Selecting the best size for a replication instance - AWS Database Migration Service

Selecting the best size for a replication instance

Choosing the appropriate replication instance depends on several factors of your use case. To help understand how replication instance resources are used, see the following discussion. It covers the common scenario of a full load + CDC task.

During a full load task, AWS DMS loads tables individually. By default, eight tables are loaded at a time. AWS DMS captures ongoing changes to the source during a full load task so the changes can be applied later on the target endpoint. The changes are cached in memory; if available memory is exhausted, changes are cached to disk. When a full load task completes for a table, AWS DMS immediately applies the cached changes to the target table.

After all outstanding cached changes for a table have been applied, the target endpoint is in a transactionally consistent state. At this point, the target is in-sync with the source endpoint with respect to the last cached changes. AWS DMS then begins ongoing replication between the source and target. To do so, AWS DMS takes change operations from the source transaction logs and applies them to the target in a transactionally consistent manner. (This process assumes batch optimized apply isn't selected). AWS DMS streams ongoing changes through memory on the replication instance, if possible. Otherwise, AWS DMS writes changes to disk on the replication instance until they can be applied on the target.

You have some control over how the replication instance handles change processing, and how memory is used in that process. For more information on how to tune change processing, see Change processing tuning settings.

Factors to consider

Memory and disk space are key factors in selecting an appropriate replication instance for your use case. Following, you can find a discussion of the use case characteristics to analyze to choose a replication instance.

  • Database and table size

    Data volume helps determine the task configuration to optimize full load performance. For example, for two 1 TB schemas, you can partition tables into four tasks of 500 GB and run them in parallel. The possible parallelism depends on the CPU resource available in the replication instance. That's why it's a good idea understand the size of your database and tables to optimize full load performance. It helps determine the number of tasks that you can possibly have.

  • Large objects

    The data types that are present in your migration scope can affect performance. Particularly, large objects (LOBs) impact performance and memory consumption. To migrate a LOB value, AWS DMS performs a two-step process. First, AWS DMS inserts the row into the target without the LOB value. Second, AWS DMS updates the row with the LOB value. This has an impact on the memory, so it's important to identify LOB columns in the source and analyze their size.

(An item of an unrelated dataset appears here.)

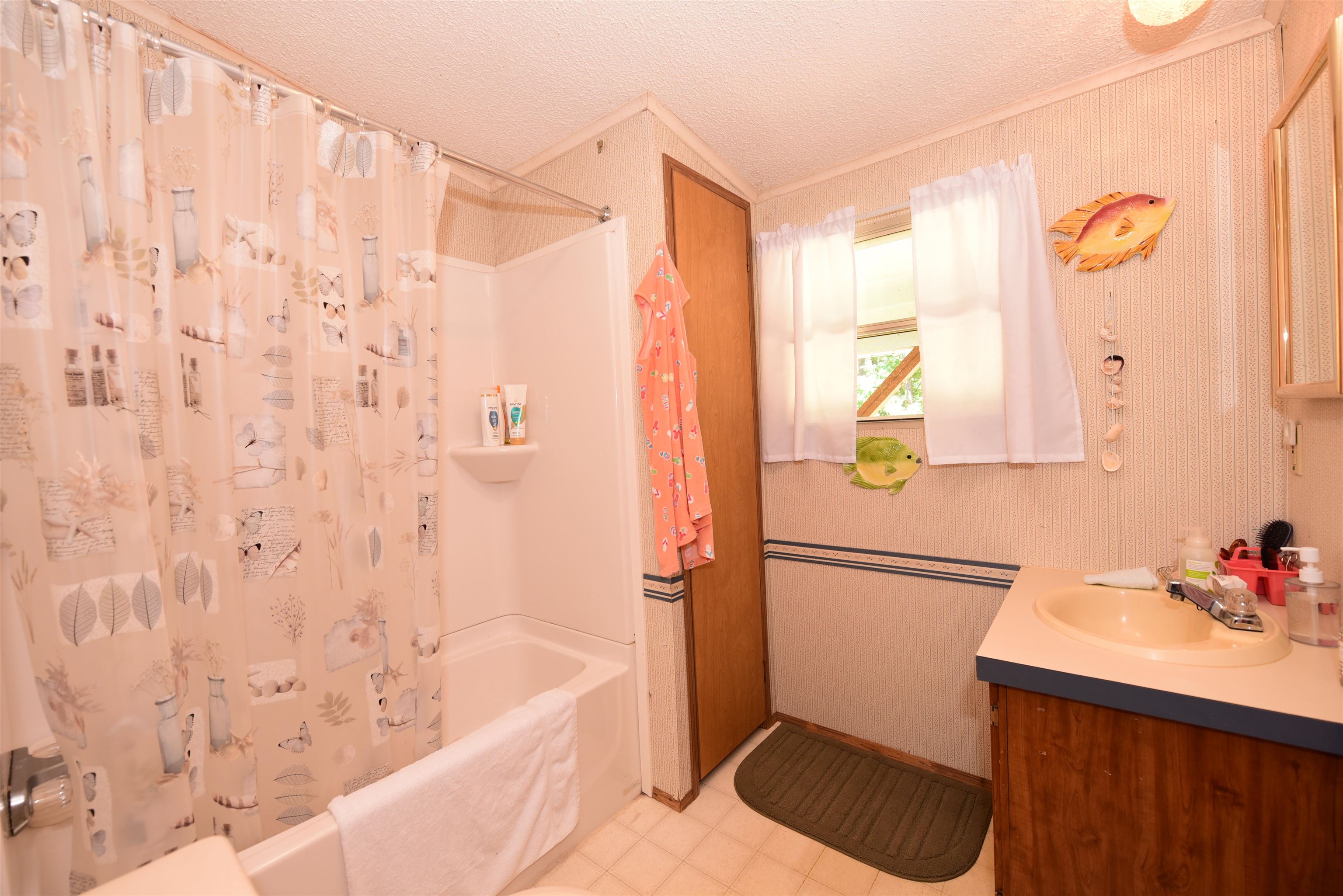 33 Buckingham Drive Property Photo 22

  • Load frequency and transaction size

    Load frequency and transactions per second (TPS) influence memory usage. A high number of TPS or data manipulation language (DML) activities leads to high usage of memory. This happens because DMS caches the changes until they are applied to the target. During CDC, this leads to swapping (writing to the physical disk due to memory overflow), which causes latency.

  • Table keys and referential integrity

    Information about the keys of the table determines the CDC mode (batch apply or transactional apply) that you use to migrate data. In general, transactional apply is slower than batch apply. For long-running transactions, there can be many changes to migrate. When you use transactional apply, AWS DMS might require more memory to store the changes compared to batch apply. If you migrate tables without primary keys, batch apply will fail and the DMS task moves to transactional apply mode. When referential integrity is active between tables during CDC, AWS DMS uses transactional apply by default. For more information about batch apply compared to transactional apply, see How can I use the DMS batch apply feature to improve CDC replication performance? .

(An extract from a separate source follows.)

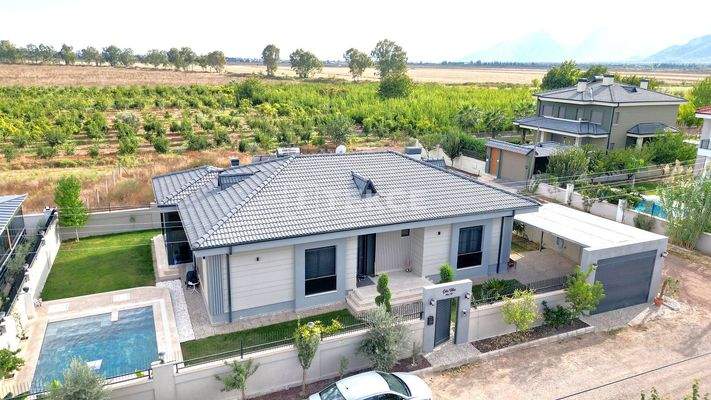 Villa with Pool and Mountain View in Döşemealtı, Antalya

Use these metrics to determine if you need the replication instance to be compute optimized or memory optimized.

Common issues

You might face the following common issues that cause resource contention on the replication instance during migration. For information on the replication instance metrics, see Replication instance metrics.

  • If the memory in a replication instance becomes insufficient, this results in writing data to the disk. Reading from the disk can cause latency, which you can avoid by sizing the replication instance with enough memory.

  • The disk size assigned to the replication instance can be smaller than required. The disk size is used when data in memory spills over; it's also used to store the task logs. The maximum IOPS depends on it too.

  • Running multiple tasks or tasks with high parallelism affects CPU consumption of the replication instance. This slows down the processing of the tasks and results in latency.

Best practices

Consider these two most common best practices when sizing a replication instance. For more information, see Best practices for AWS Database Migration Service.

  1. Size your workload and understand if it's computer-intensive or memory-intensive. Based on this, you can determine the class and size of the replication instance:

    • AWS DMS processes LOBs in memory. This operation requires a fair amount of memory.

    • The number of tasks and the number of threads impact CPU consumption. Avoid using more than eight MaxFullLoadSubTasks during the full load operation.

  2. Increase the disk space assigned to the replication instance when you have a high workload during full load. Doing this lets the replication instance use the maximum IOPS assigned to it.

The preceding guidelines don't cover all possible scenarios. It's important to consider the specifics of your particular use case when you determine the size of your replication instance.

The preceding tests show CPU and memory vary with different workloads. Particularly, LOBs affect memory, and task count or parallelism affect the CPU. After your migration is running, monitor the CPU, freeable memory, free storage, and IOPS of your replication instance. Based on the data you gather, you can size your replication instance up or down as needed.